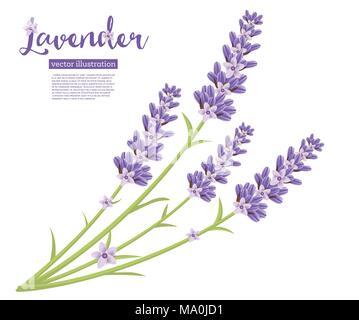 Branch of Lavender Flowers Isolated on White. Vector Illustration. Stock Vector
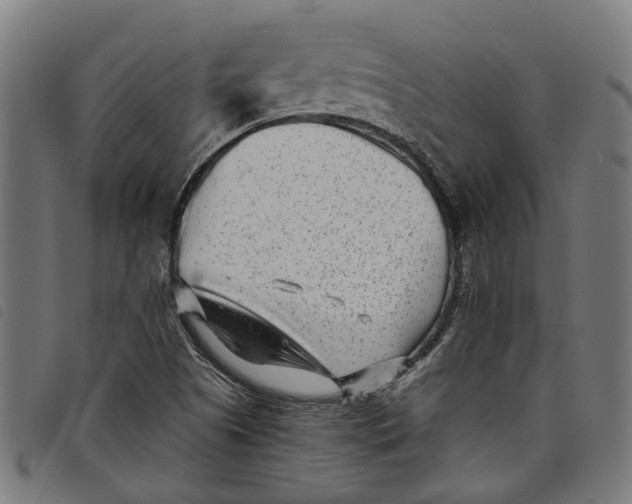 X0000097801505200804041303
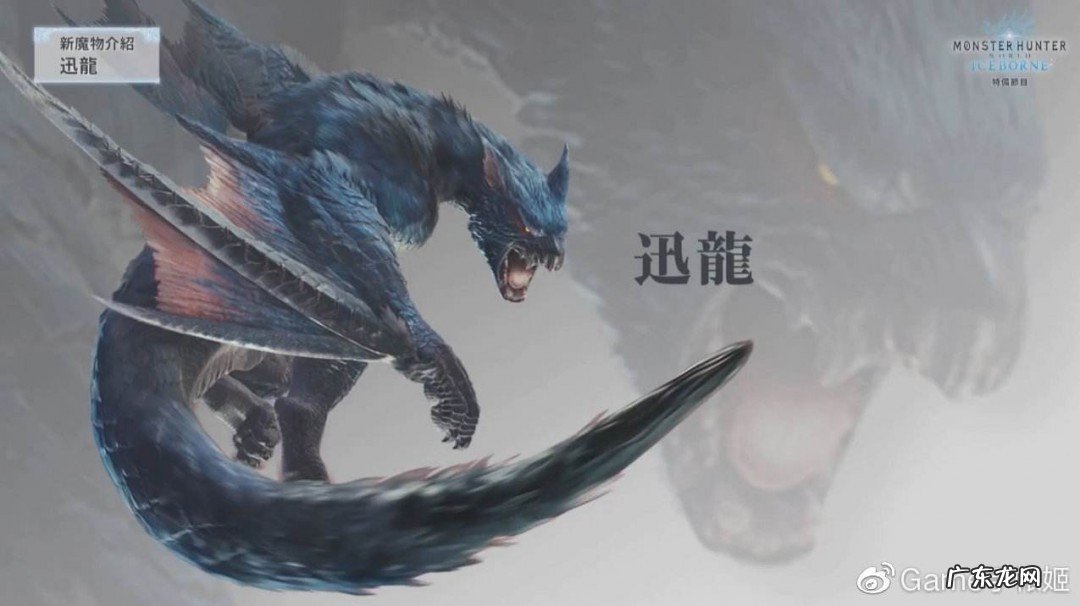 怪物猎人世界冰原迅龙弱什么属性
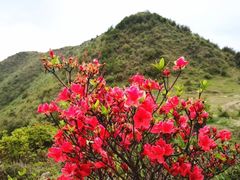 -广东天露山旅游度假区
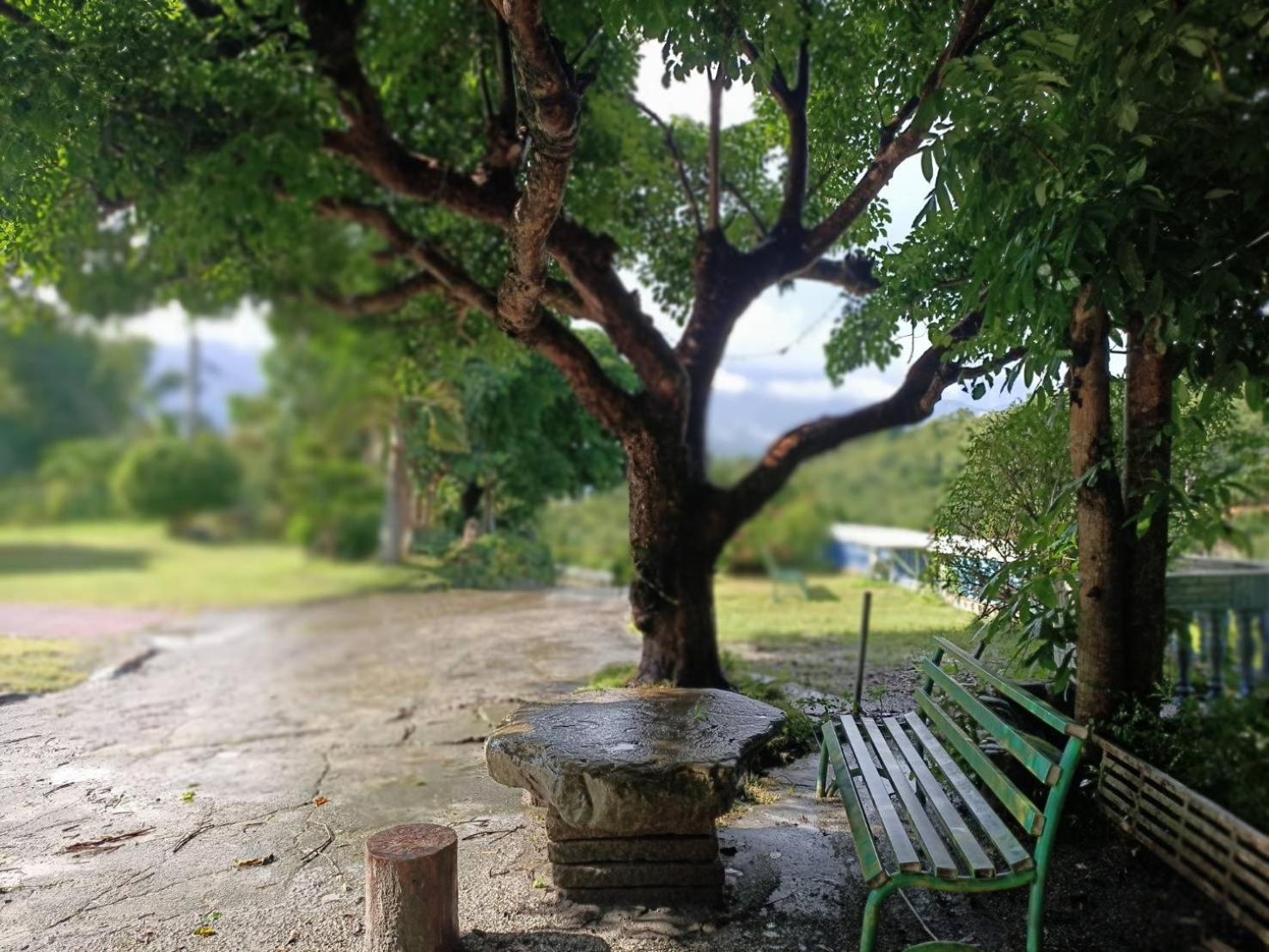 十畝田山莊會館 Otel Chishang Dış mekan fotoğraf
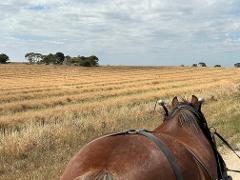 Budget Friendly Carriage Ride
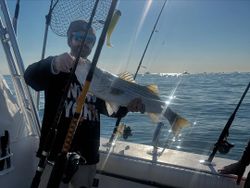 Grey Snapper caught while fishing in NY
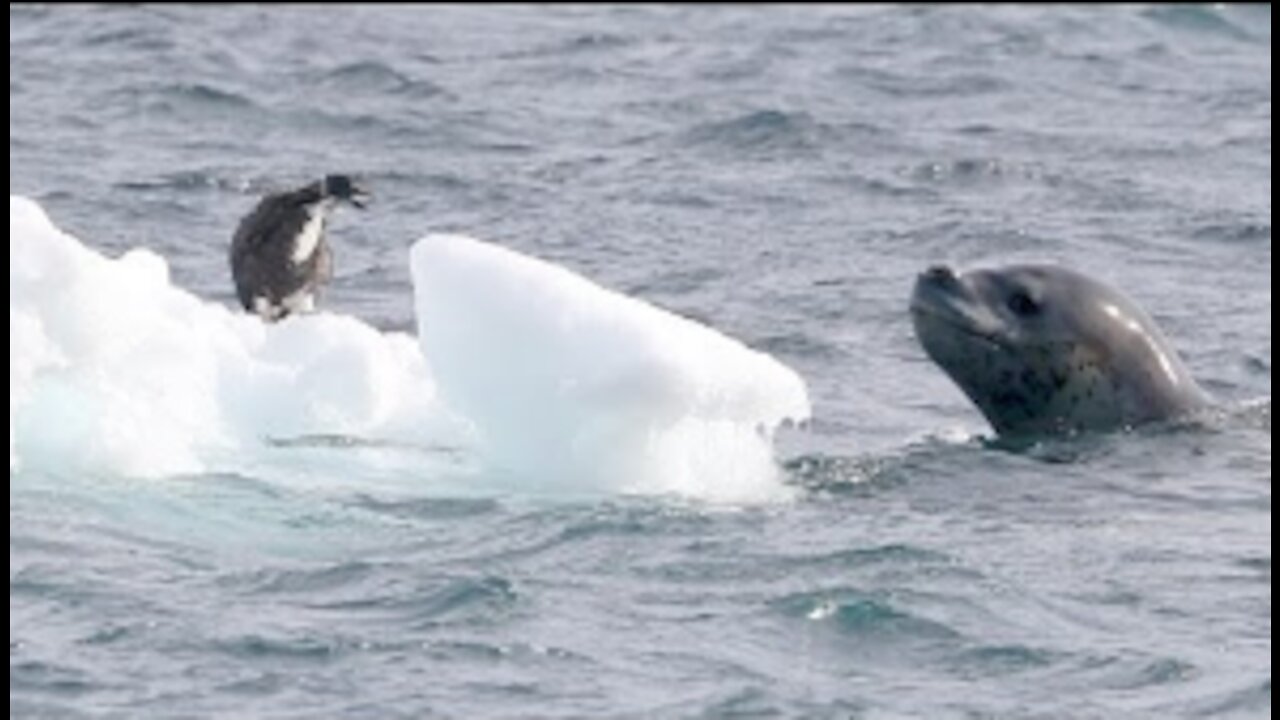 Leopard Seal vs Penguin Chick - Nature is amazing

————

### TASK INSTRUCTIONS
Could you write out the records exactly while omitting every picture?

### RESULT OF THIS EXERCISE
 Branch of Lavender Flowers Isolated on White. Vector Illustration. Stock Vector
 X0000097801505200804041303
 怪物猎人世界冰原迅龙弱什么属性
 -广东天露山旅游度假区
 十畝田山莊會館 Otel Chishang Dış mekan fotoğraf
 Budget Friendly Carriage Ride
 Grey Snapper caught while fishing in NY
 Leopard Seal vs Penguin Chick - Nature is amazing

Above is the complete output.